A l'inverse du Conseil des Etats, la commission a décidé à l'article 6 ("Protection de l'homme, de l'environnement et de la diversité biologique") - considéré comme la pierre angulaire du projet - d'insister sur la distinction entre disséminations expérimentales en plein air et mise en circulation à des fins commerciales d'organismes génétiquement modifiés (OGM). Elle propose ainsi, par des décisions prises à une courte majorité et par deux fois uniquement grâce à la voix prépondérante du président, de renforcer les dispositions pertinentes, de façon que les essais ne puissent avoir lieu en plein air qu'à la condition que les expérimentations en milieu confiné ne permettent pas de recueillir les informations souhaitées, et qu'ils se traduisent par une contribution effective à la recherche en biosécurité transgénique. Par ailleurs, la commission retranché le critère des "connaissances scientifiques les plus récentes" des dispositions concernant la procédure d'autorisation, et elle a confirmé l'interdiction d'utiliser des marqueurs résistants aux antibiotiques. En outre, la commission a souligné que la dissémination d'OGM ne devait en aucun cas porter atteinte ni à la production non transgénique, ni au libre choix du consommateur. Enfin, la commission a adopté une disposition prévoyant la possibilité de refuser la délivrance d'une autorisation si des intérêts publics prépondérants s'y opposent.
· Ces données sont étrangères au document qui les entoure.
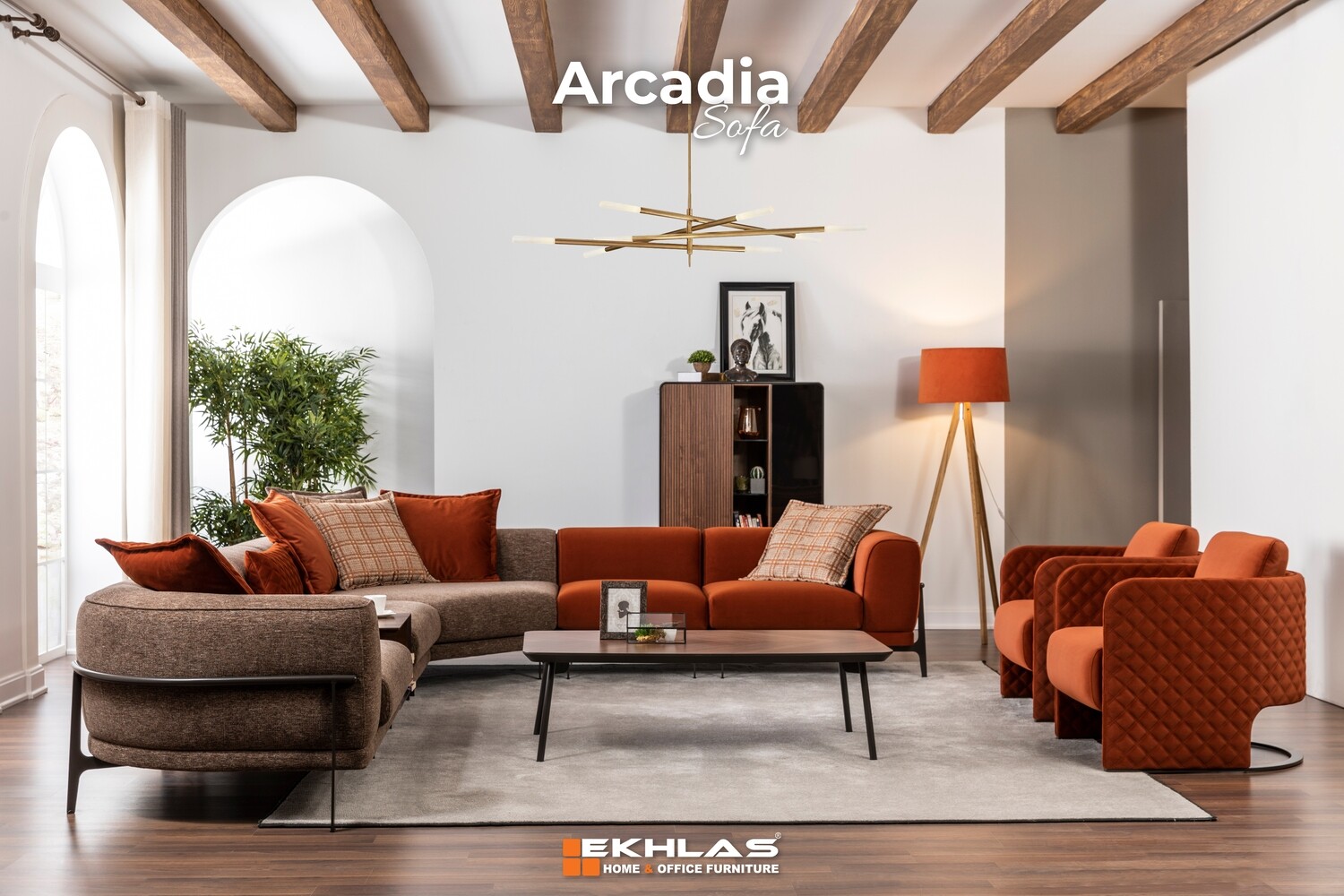 Arcadia L sofa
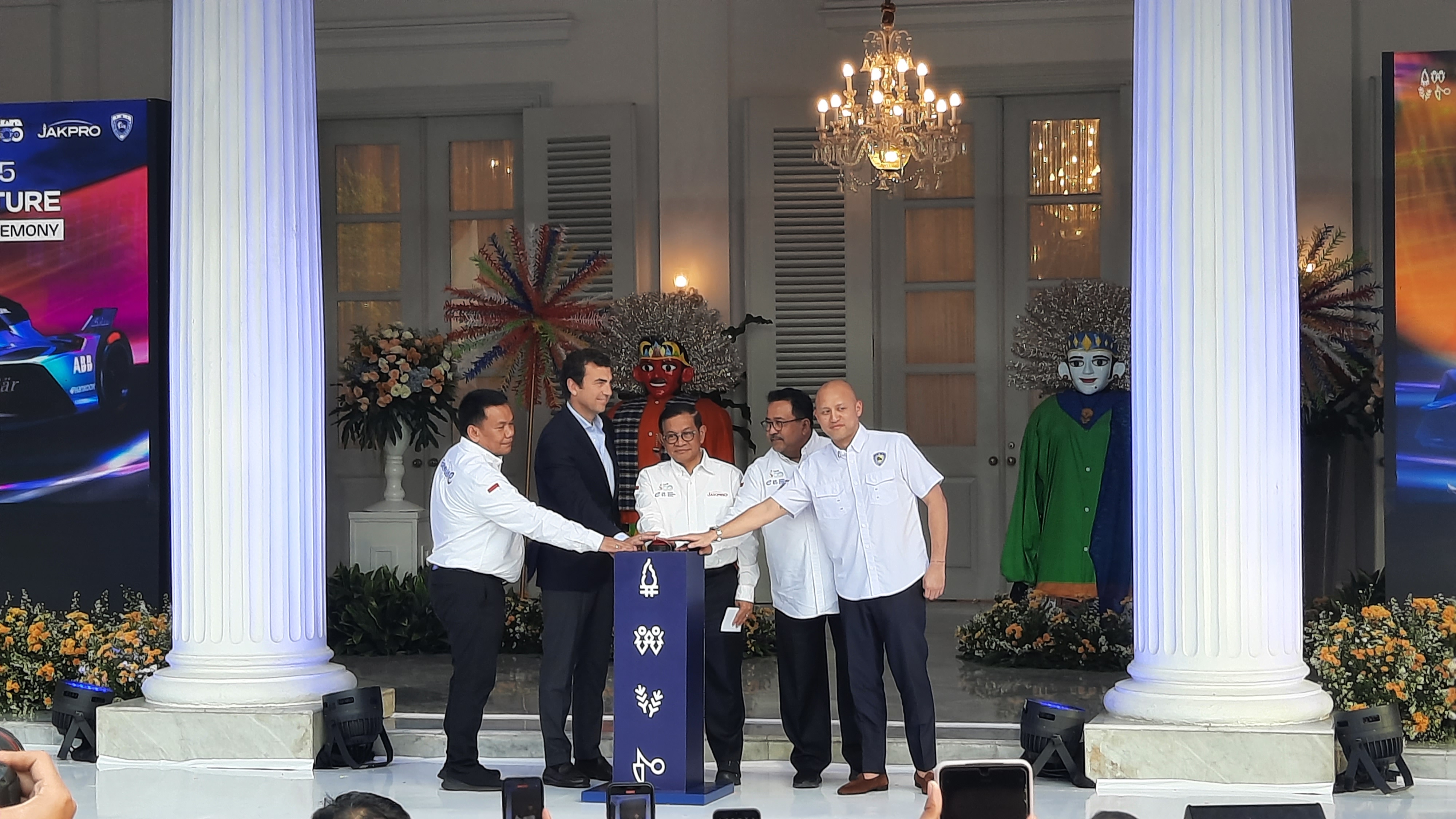Formula E Jakarta digelar 21 Juni 2025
Revenant d'autre part sur les problématiques de la déclaration et de la maîtrise des flux de marchandises, précédemment traitées par les experts auditionnés, la commission a décidé, à l'unanimité ou presque, de modifier le dispositif proposé en proposant un nouvel article consacré spécifiquement aux flux de marchandises et prévoyant une stricte séparation en vue d'éviter toute contamination de produits non transgéniques par des OGM, l'obligation d'apporter la preuve d'un contrôle et d'un suivi rigoureux pour que les traces éventuelles d'OGM puissent être réputés involontaires, et l'obligation de déclarer toute présence d'OGM dans tout processus de production de denrées alimentaires.
Enfin, s'agissant de la mise en circulation des OGM, le droit de recours des organisations (art. 25) devrait être étendu aux associations de consommateurs et aux associations paysannes.
La séance qui réunira la commission à la fin du mois de mai sera elle aussi consacrée à certaine aspects centraux du projet, soit la question de la responsabilité civile et l'éventualité d'un moratoire. Le projet devrait être traité par le Conseil national à la session d'automne.
La commission s'est réunie les 24, 25 et 26 avril à Berne, sous la présidence de M. Hans Widmer, conseiller national (PS/LU).